Plan: Classified Replacement Parameter Detection

Branch: wf_tool_state Date: 2026-03-27 Status: Implemented Parent: FORMAT2_STATE_VALIDATION_CONVERGENCE.md (Step 2 prerequisite)

Goal

New module legacy_parameters.py in workflow_state/ with two public functions: one scans native state, one scans format2 state. Both walk the parameter tree type-aware and return a classification of whether replacement parameters are present, not just a boolean.

Classification Model

class ReplacementClassification(str, Enum):
    YES = "yes"           # ${...}/#{...} found in a type where it can't be a literal value
    MAYBE = "maybe"       # ${...}/#{...} found only in text/hidden fields where it could be a literal
    NO = "no"             # no replacement patterns found anywhere

Logic per parameter type:

parameter_type	`${...}` found	Classification
`gx_integer`	yes	YES
`gx_float`	yes	YES
`gx_boolean`	yes	YES
`gx_color`	yes	YES
`gx_data_column`	yes	YES
`gx_select` (not multiple)	yes	YES (not a valid option literal)
`gx_select` (multiple, element)	yes	YES
`gx_text`	yes	MAYBE
`gx_hidden`	yes	MAYBE
`gx_data` / `gx_data_collection`	N/A	skipped (always ConnectedValue/RuntimeValue/None)
`gx_rules`	N/A	skipped (opaque blob)
`gx_drill_down`	yes	YES (structured value expected)

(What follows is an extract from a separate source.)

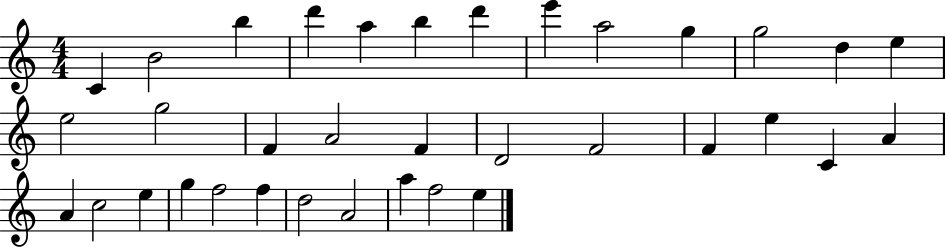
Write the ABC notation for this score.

Aggregation: YES wins over MAYBE wins over NO. If any leaf is YES the result is YES. If no YES but some MAYBE, result is MAYBE. Otherwise NO.

API

# legacy_parameters.py

@dataclass
class ReplacementScanResult:
    classification: ReplacementClassification
    hits: list[ReplacementHit]  # details for debugging/reporting

@dataclass
class ReplacementHit:
    state_path: str            # e.g. "seed_source|seed" or "num_lines"
    parameter_type: str        # e.g. "gx_integer"
    value: str                 # the actual value containing ${...}
    classification: ReplacementClassification  # per-hit classification

def scan_native_state(
    tool_inputs: List[ToolParameterT],
    tool_state: dict,
    input_connections: dict,
) -> ReplacementScanResult:
    """Scan decoded native tool_state for replacement parameters."""

def scan_format2_state(
    tool_inputs: List[ToolParameterT],
    state: dict,
) -> ReplacementScanResult:
    """Scan format2 state dict for replacement parameters."""

Implementation

`scan_native_state`

Uses walk_native_state(input_connections, tool_inputs, tool_state, callback).

Callback:

def check_leaf(tool_input, value, state_path):
    parameter_type = tool_input.parameter_type
    # skip non-string values, connected/runtime markers, data/rules params
    if not isinstance(value, str) or is_connected_or_runtime(value):
        return SKIP_VALUE
    if parameter_type in ("gx_data", "gx_data_collection", "gx_rules"):
        return SKIP_VALUE
    if is_replacement_param(value):
        hit_class = _classify_hit(parameter_type)
        hits.append(ReplacementHit(state_path, parameter_type, value, hit_class))
    return SKIP_VALUE

Native values are already strings (double-encoded then decoded by walker) so isinstance(value, str) catches them naturally. The walker handles conditional branch selection, repeat expansion, section descent.

`scan_format2_state`

Uses walk_format2_state(tool_inputs, state, callback).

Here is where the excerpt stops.